## Supplied data
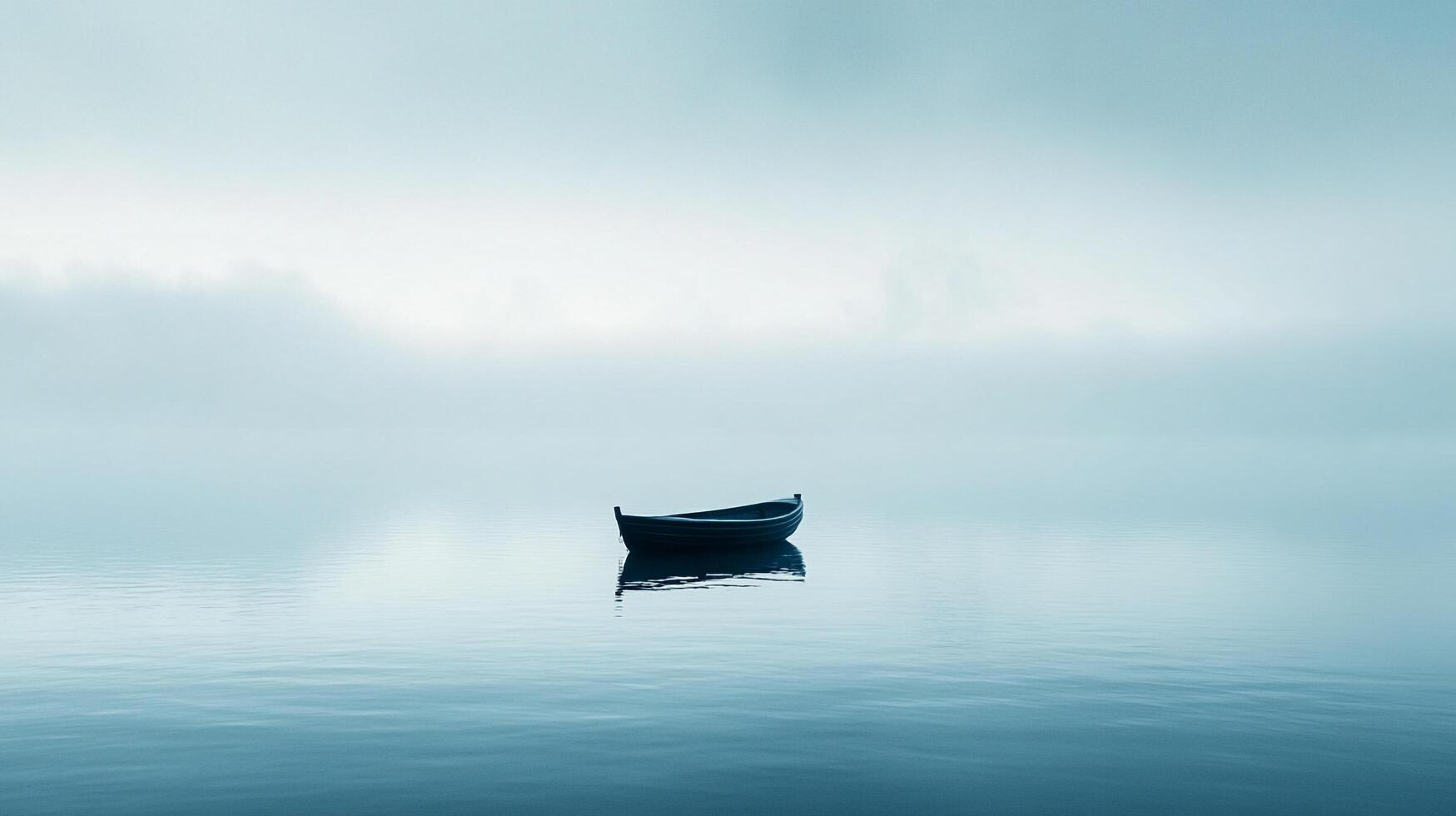 A solitary boat adrift on calm, misty water creates a serene and peaceful scene of tranquility and solitude against the muted sky. photo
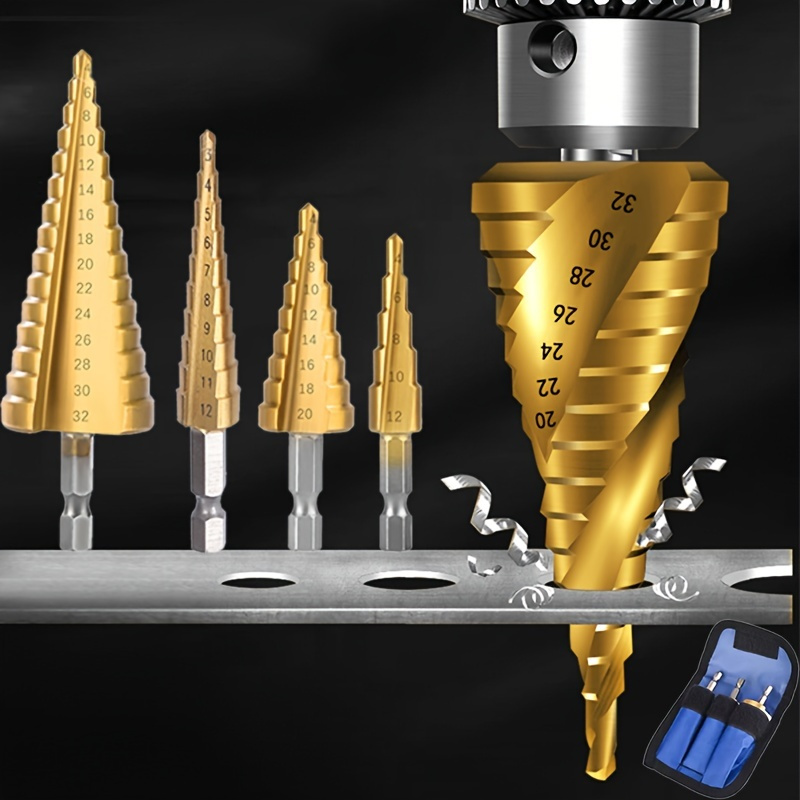 

3-12mm 4-12mm 4-20mm Hss Straight Groove Step Drill Bit Set, Titanium Coated Wood Metal Hole Cutter Core Drill Bit Set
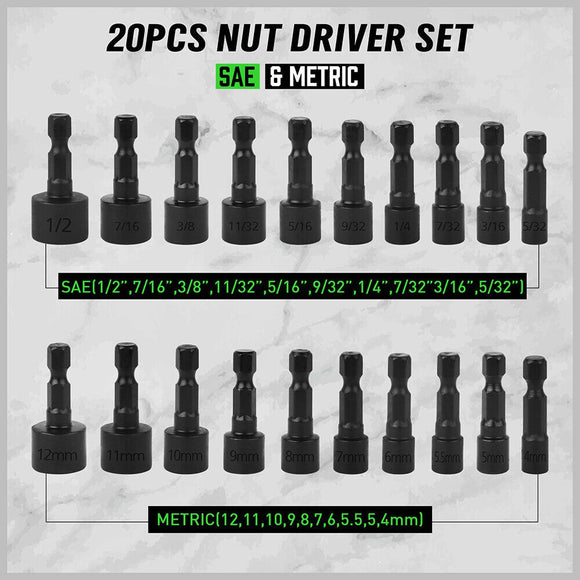 Swanlake 20Pcs Garden Tools Power Nut Driver Set Impact Drill SAE and Metric(will be no tracking) - RnR Galore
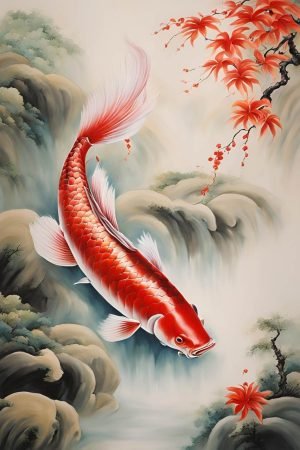 Lucky Arowana Fish Painting Feng Shui wall art canvas and ramed poster print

## Problem details
Exact copy, pictures excluded: repeat the lines from the top of the material through the line with "3-12mm 4-12mm 4-20mm".

## Solution below
 A solitary boat adrift on calm, misty water creates a serene and peaceful scene of tranquility and solitude against the muted sky. photo

3-12mm 4-12mm 4-20mm Hss Straight Groove Step Drill Bit Set, Titanium Coated Wood Metal Hole Cutter Core Drill Bit Set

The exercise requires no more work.